Captioned web images
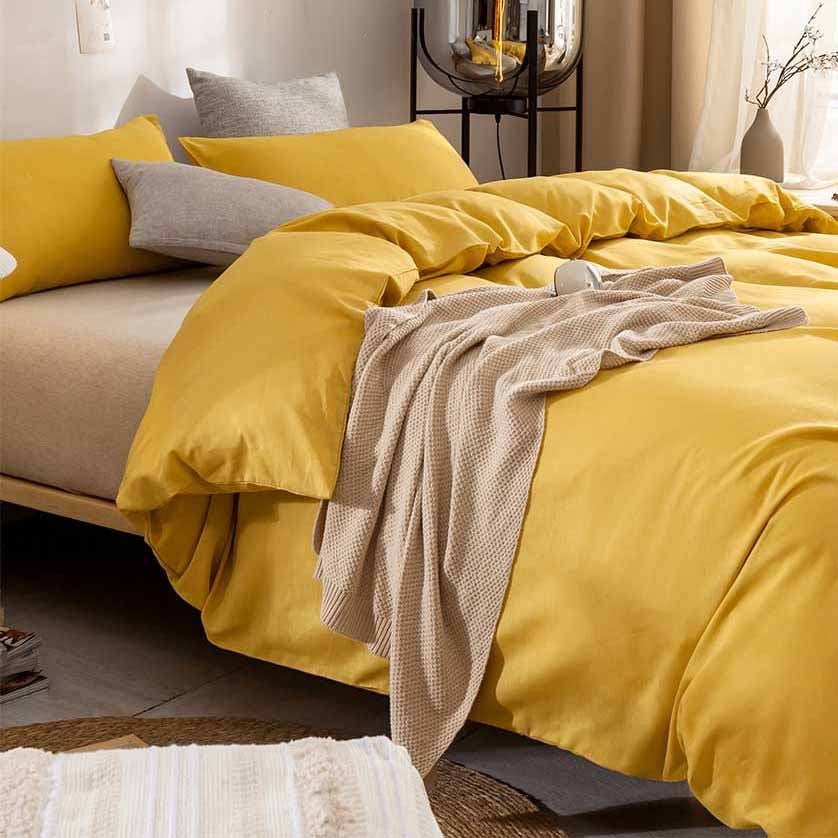 Linen Solid Bedding Set Natural Flax Quilt Cover Soft Pillowcase 2pcs 3pcs Solid Duvet Cover Home Textile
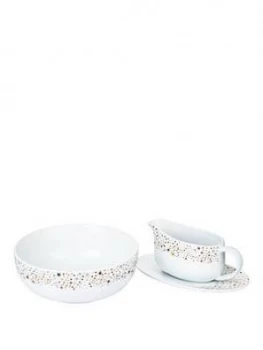 image of Waterside Gold Star 3 Piece Serving Set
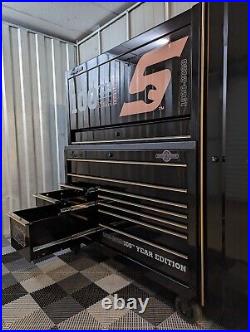 Snap On 55in 100th Anniversary Roll Cab, Hutch + Side Locker WE DELIVER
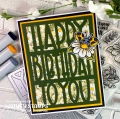 Bild 21 von Whimsy Stamps Die Stanze  - Happy Birthday Coverplate Die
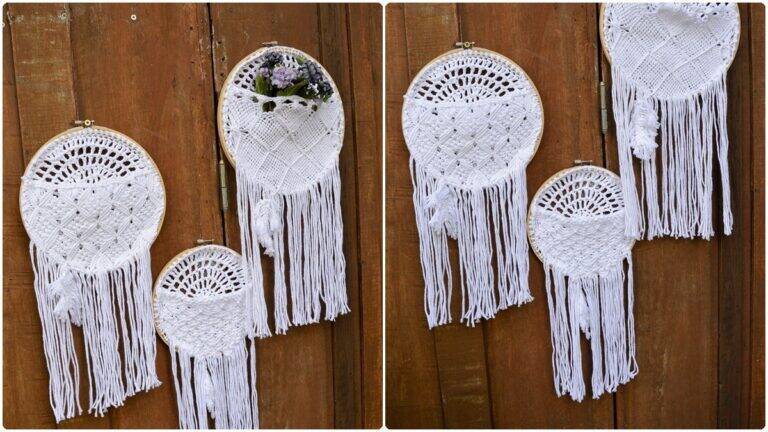 Mandala de Crochê Branco: Tamanhos Diferentes e Lindos!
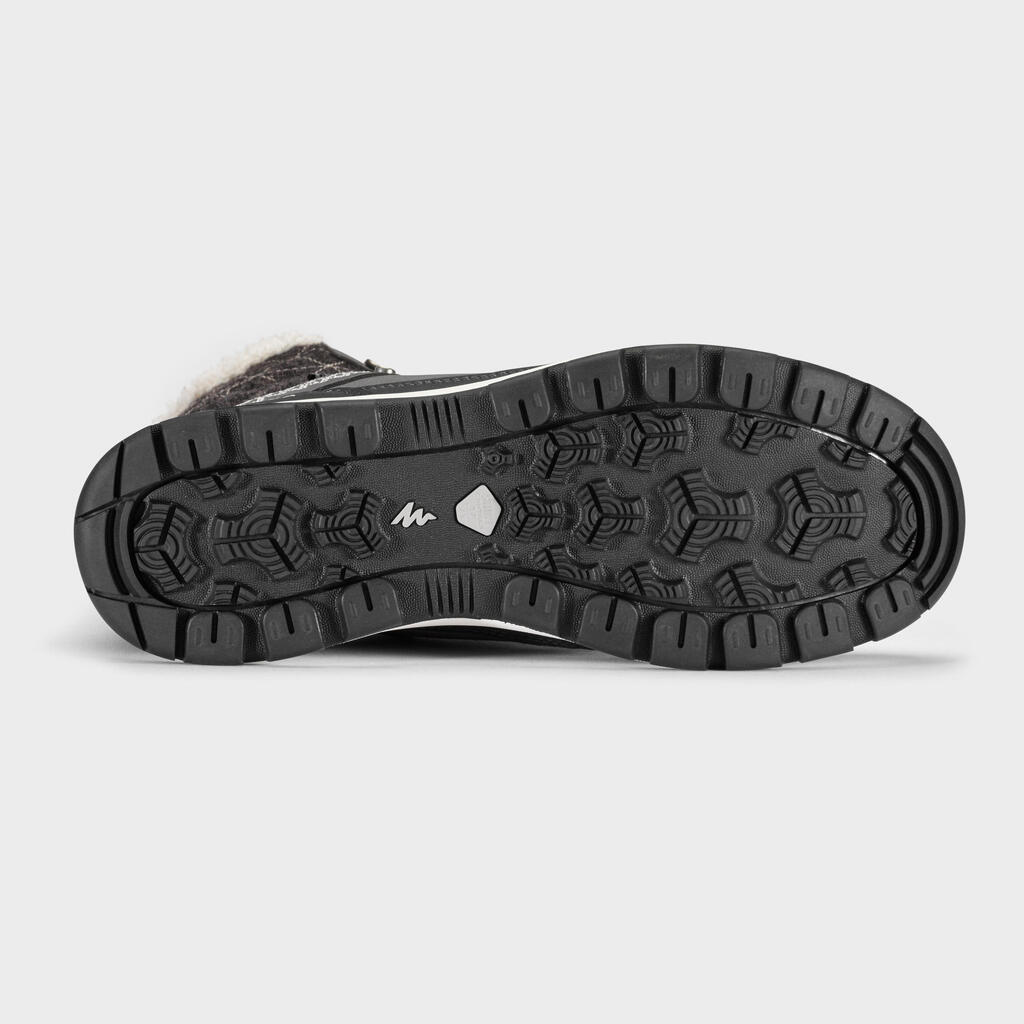 Winterschuhe Winterwandern SH500 Extra-Warm hoch Damen grau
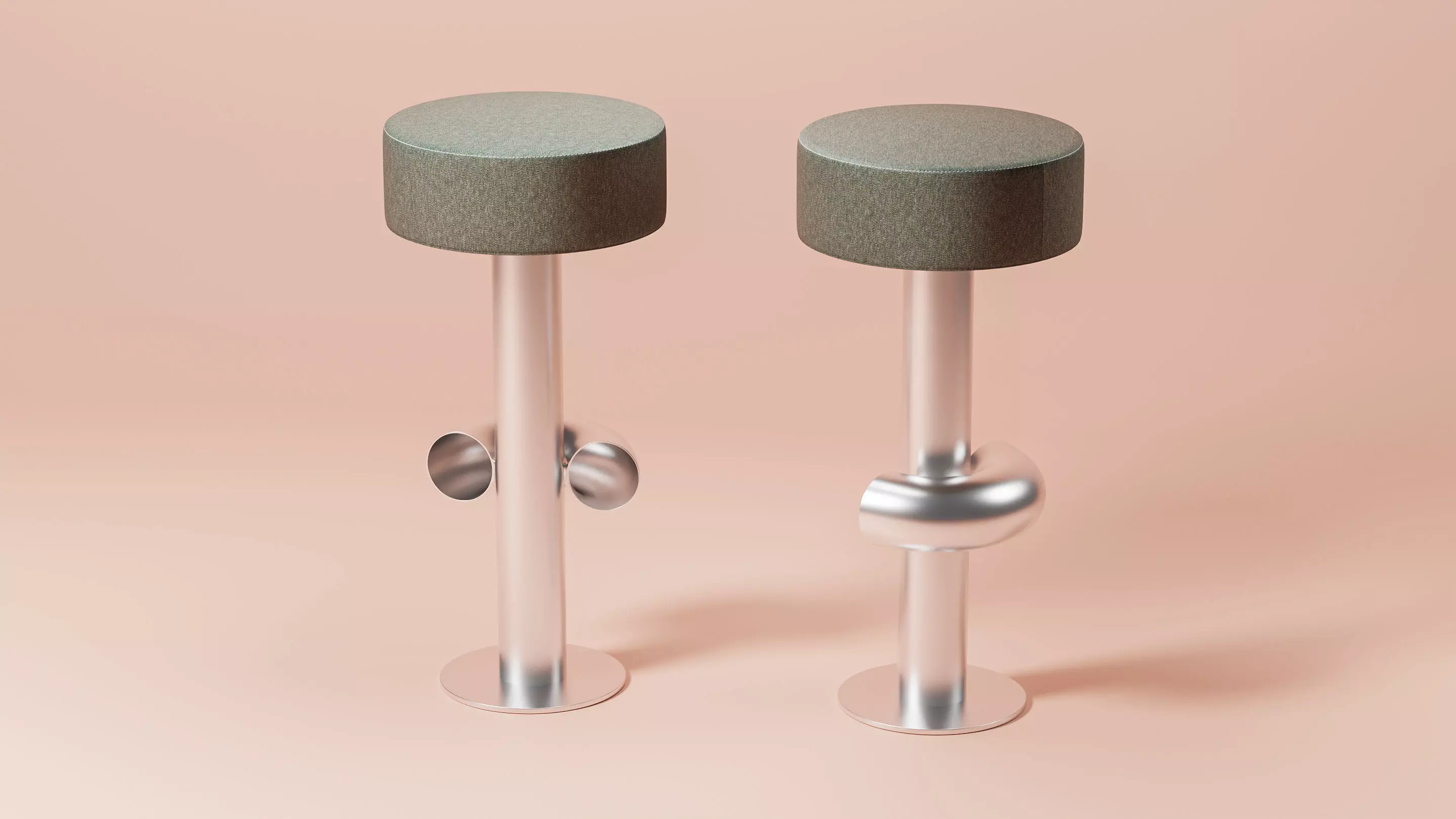 AXEL CHAY TABOURET DE BAR 3D model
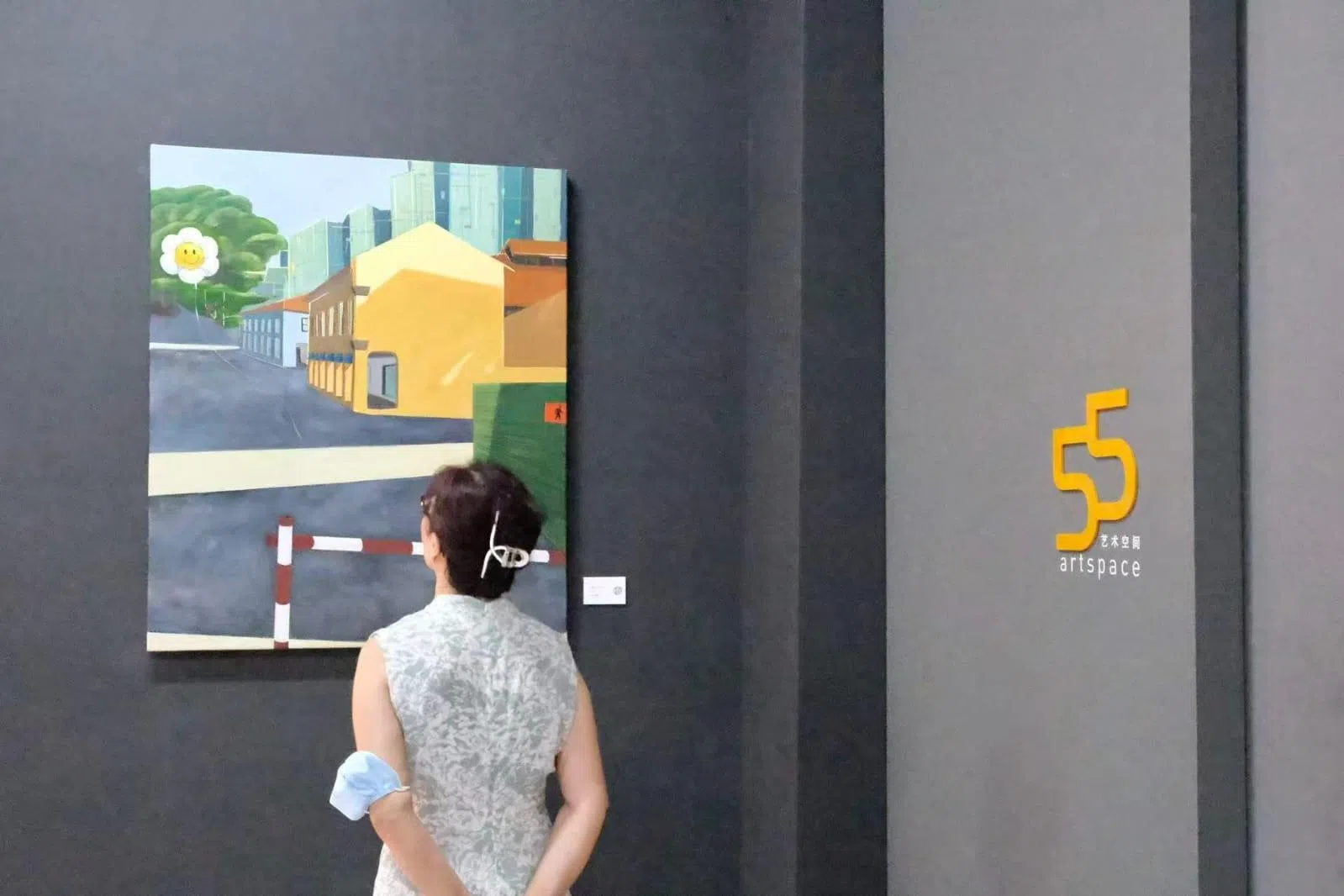 “空间·内外——黄丽娴个展”在55艺术空间举行。（黄丽娴提供）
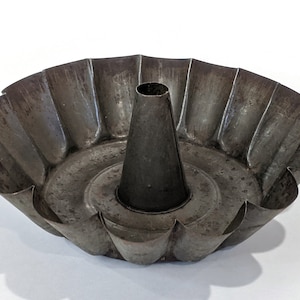 Mold Antique Dessert Tube Bake Pan Bundt Pound Cake Fruit Cake Panetonne Vintage Metal Bakeware Form Mold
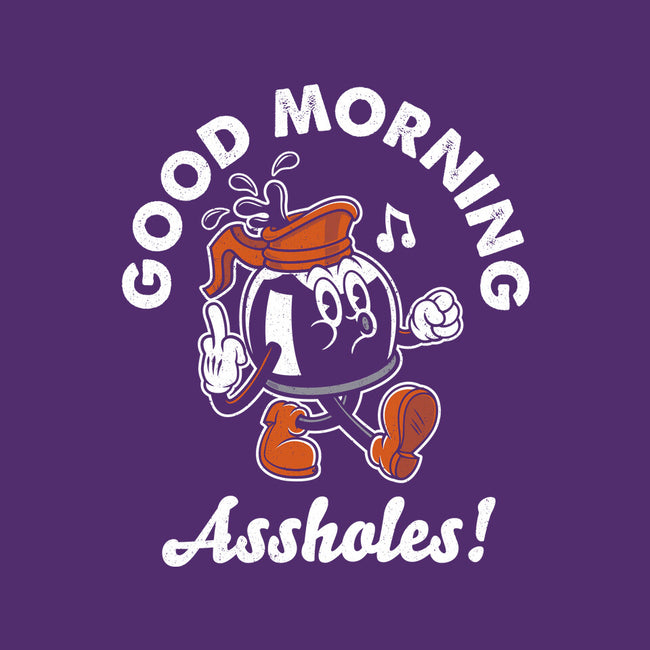 Good Morning Ahole-Mens-Basic-Tee-Nemons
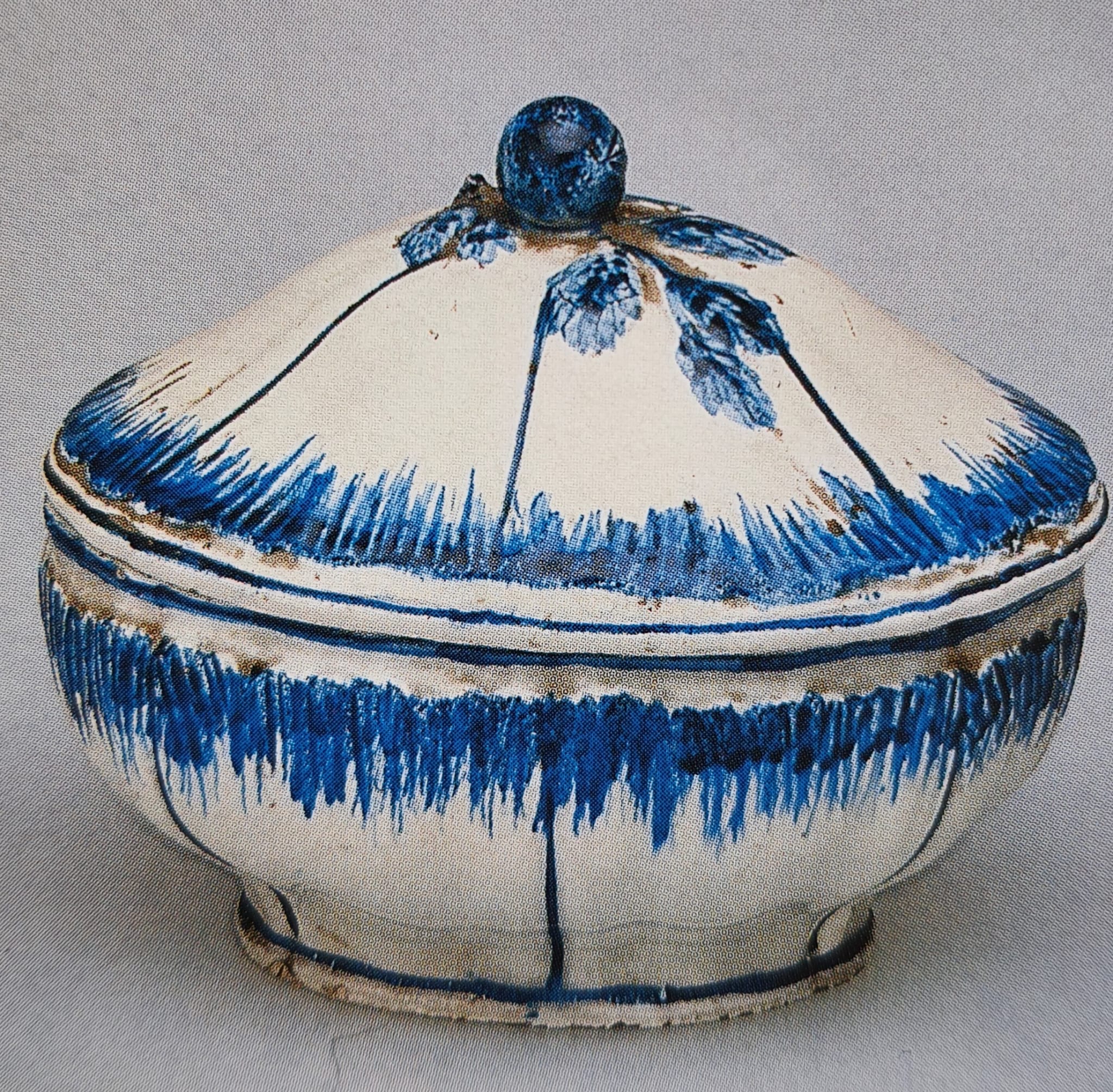 formaggiera di Manifattura Novese (bottega) - manifattura novese (prima metà XIX)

**Work task**
Could you return exactly the lines starting with the one that contains "Mold Antique Dessert" and ending with the last line of the data above? Leave the pictures out.

**Result for this exercise**
 Mold Antique Dessert Tube Bake Pan Bundt Pound Cake Fruit Cake Panetonne Vintage Metal Bakeware Form Mold
 Good Morning Ahole-Mens-Basic-Tee-Nemons
 formaggiera di Manifattura Novese (bottega) - manifattura novese (prima metà XIX)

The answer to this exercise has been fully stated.